#### WORK ORDER:
Once the line with "is to greet" is found in the entries below, repeat it and each following line exactly, up to and including the line with "telephone. Besides interacting". Add no other lines.

#### INPUT:
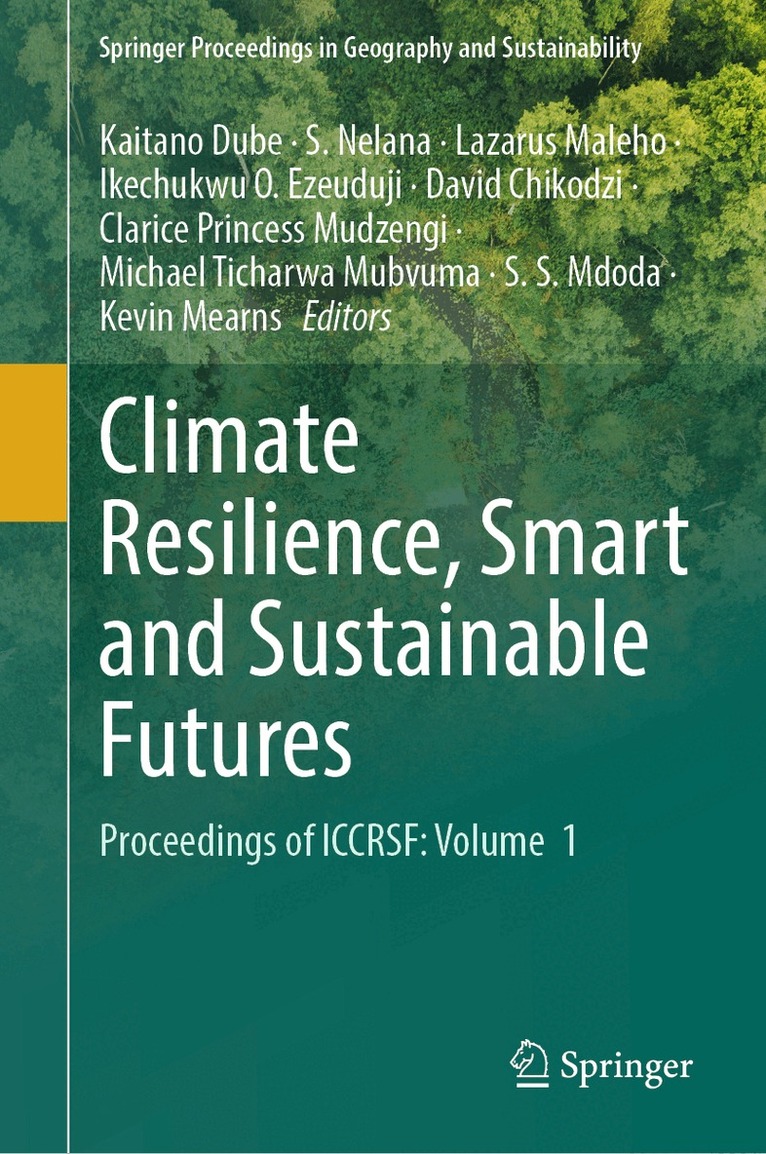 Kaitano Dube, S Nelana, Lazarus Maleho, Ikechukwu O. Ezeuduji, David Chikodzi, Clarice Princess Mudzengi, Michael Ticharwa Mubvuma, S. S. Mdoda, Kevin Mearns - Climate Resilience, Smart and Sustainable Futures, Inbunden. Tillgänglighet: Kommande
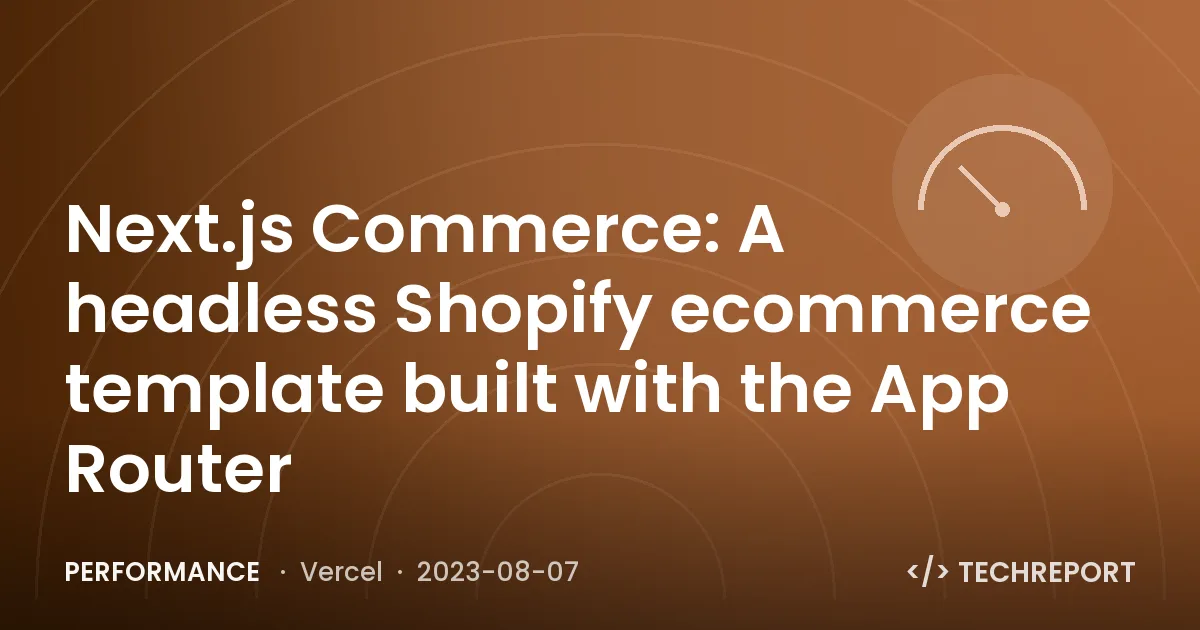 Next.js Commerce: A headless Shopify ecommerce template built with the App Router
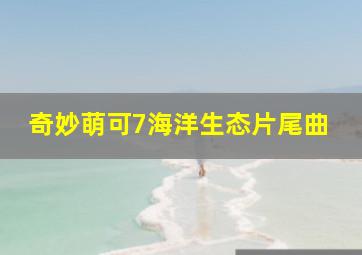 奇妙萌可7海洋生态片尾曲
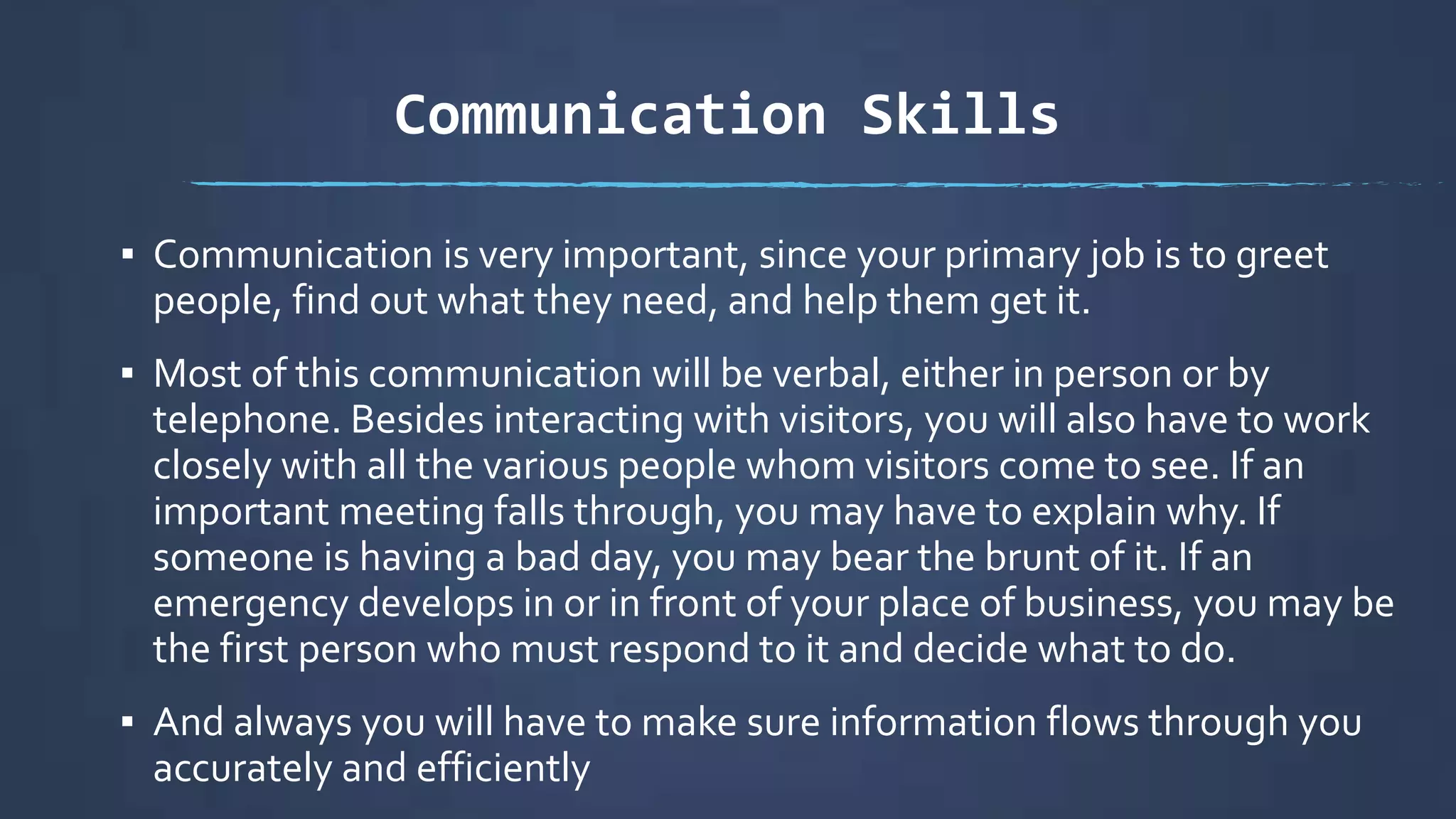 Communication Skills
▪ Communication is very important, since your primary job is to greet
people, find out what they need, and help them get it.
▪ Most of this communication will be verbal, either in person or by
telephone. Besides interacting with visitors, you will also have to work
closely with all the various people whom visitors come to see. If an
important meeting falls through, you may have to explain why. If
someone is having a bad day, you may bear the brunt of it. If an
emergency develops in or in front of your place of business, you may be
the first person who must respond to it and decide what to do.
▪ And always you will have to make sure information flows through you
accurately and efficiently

#### REPLY:
▪ Communication is very important, since your primary job is to greet
people, find out what they need, and help them get it.
▪ Most of this communication will be verbal, either in person or by
telephone. Besides interacting with visitors, you will also have to work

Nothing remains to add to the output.